**WHAT THE TASK ASKS:** Word for word, please restate the line that contains "Хлопковый пиджак с" and all lines after it through the end of the material, minus the pictures.

**EXERCISE MATERIAL:**
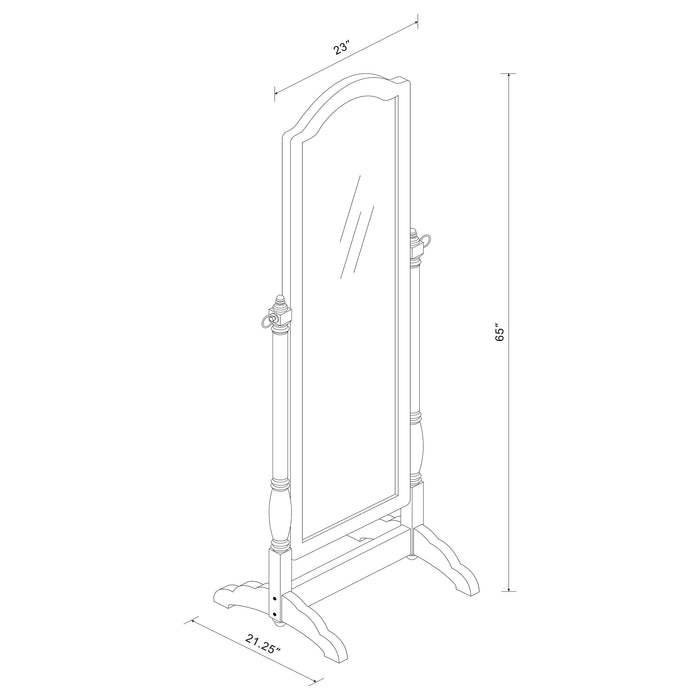 Cabot Rectangular Cheval Mirror with Arched Top Merlot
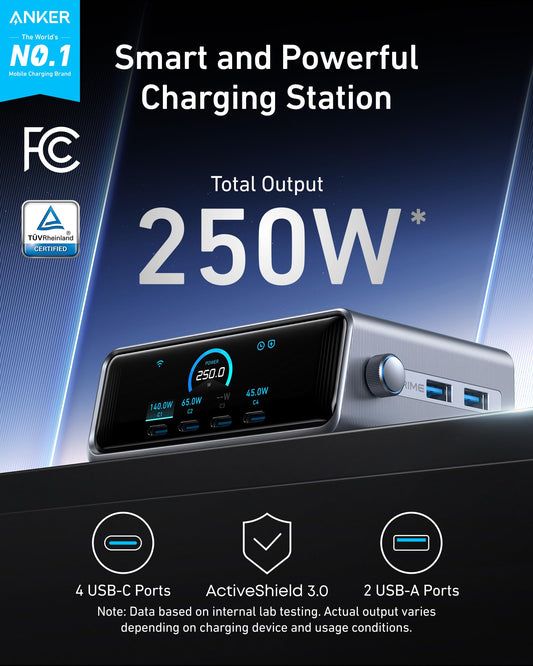 Anker Prime 250W 6-Port GaN USB C Charger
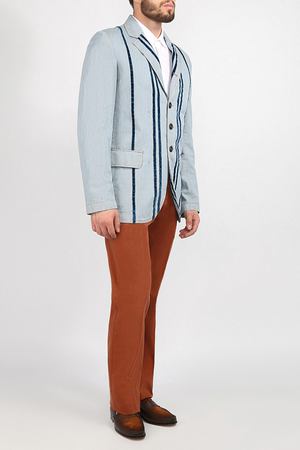 Хлопковый пиджак с принтом Ann Demeulemeester Ann Demeulemeester 141-3006-202-059 синий голубой вариант 2 купить с доставкой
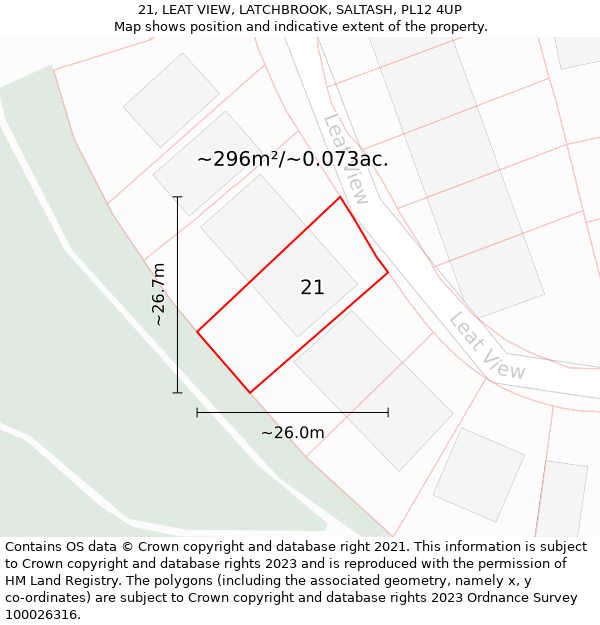 21, LEAT VIEW, LATCHBROOK, SALTASH, PL12 4UP: Plot and title map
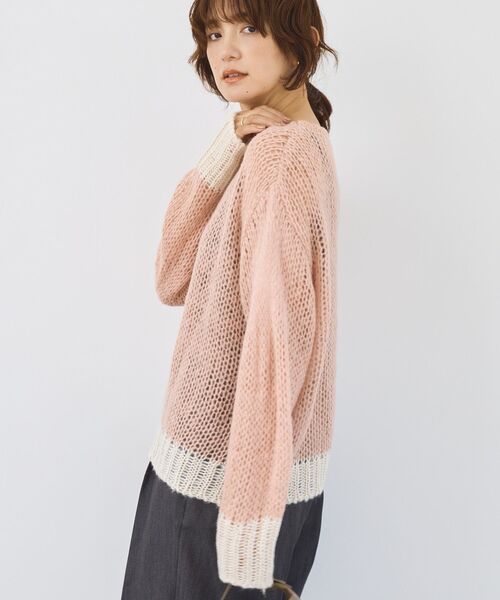 セール】モヘアライク配色ニットプルオーバー（ニット/セーター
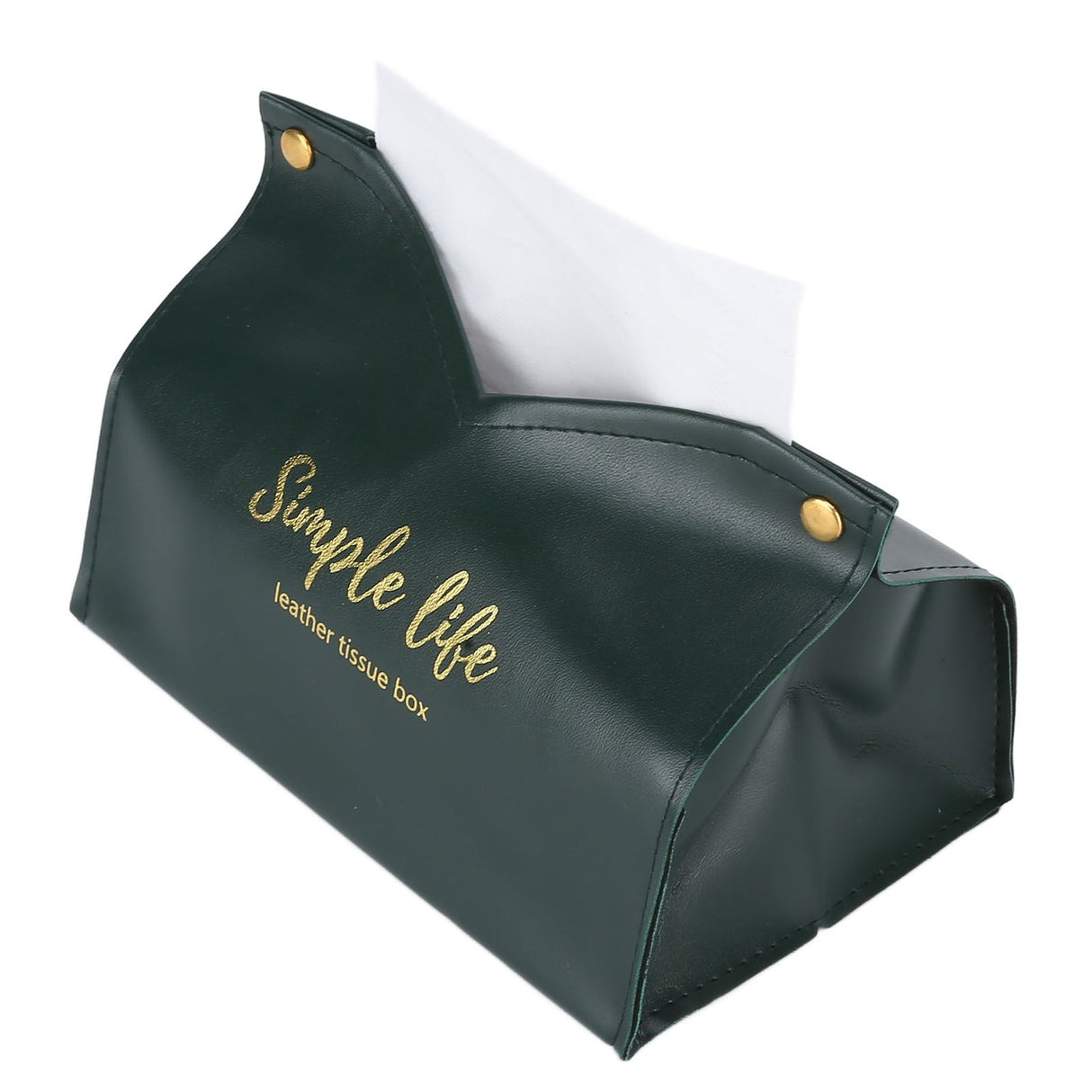 Tissue Bag Artificial Leather Vintage Kitchen Paper Towel Box Container for Office HomeGreen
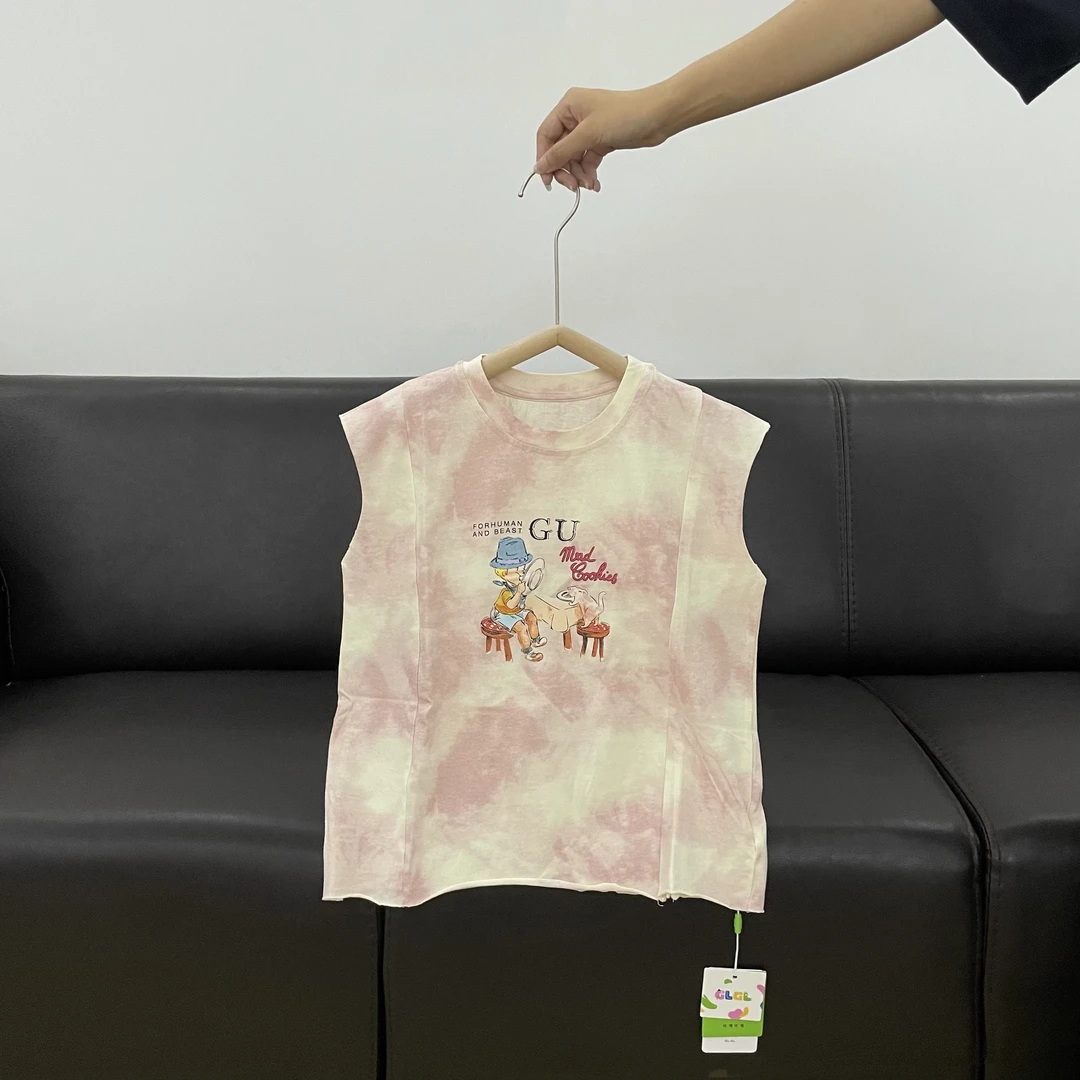 GL* 男宝晕染粉色卡通印花背心 5862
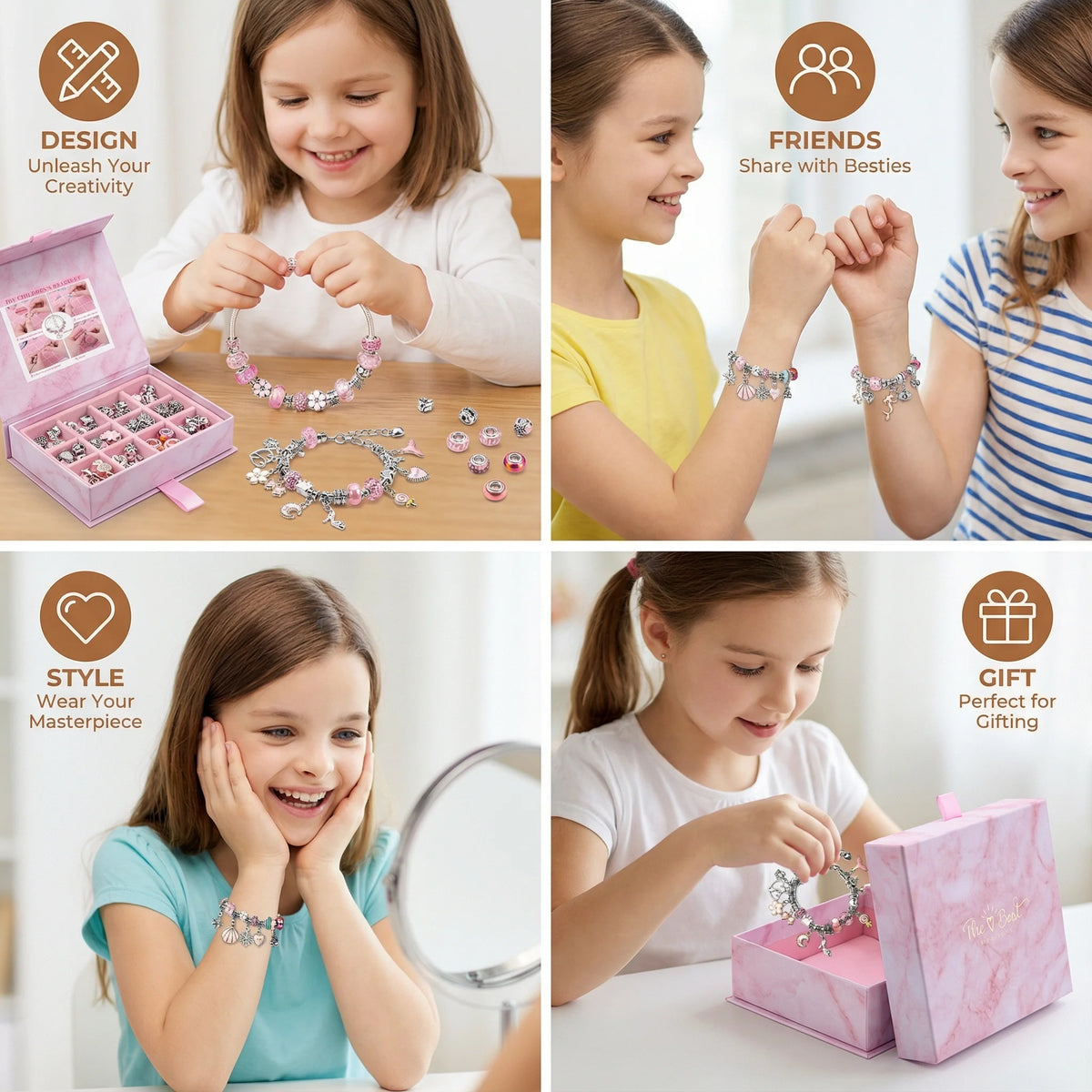Jewelry Making Kit Beads Strings & Metal Clasps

**WRITTEN ANSWER:**
 Хлопковый пиджак с принтом Ann Demeulemeester Ann Demeulemeester 141-3006-202-059 синий голубой вариант 2 купить с доставкой
 21, LEAT VIEW, LATCHBROOK, SALTASH, PL12 4UP: Plot and title map
 セール】モヘアライク配色ニットプルオーバー（ニット/セーター
 Tissue Bag Artificial Leather Vintage Kitchen Paper Towel Box Container for Office HomeGreen
 GL* 男宝晕染粉色卡通印花背心 5862
Jewelry Making Kit Beads Strings & Metal Clasps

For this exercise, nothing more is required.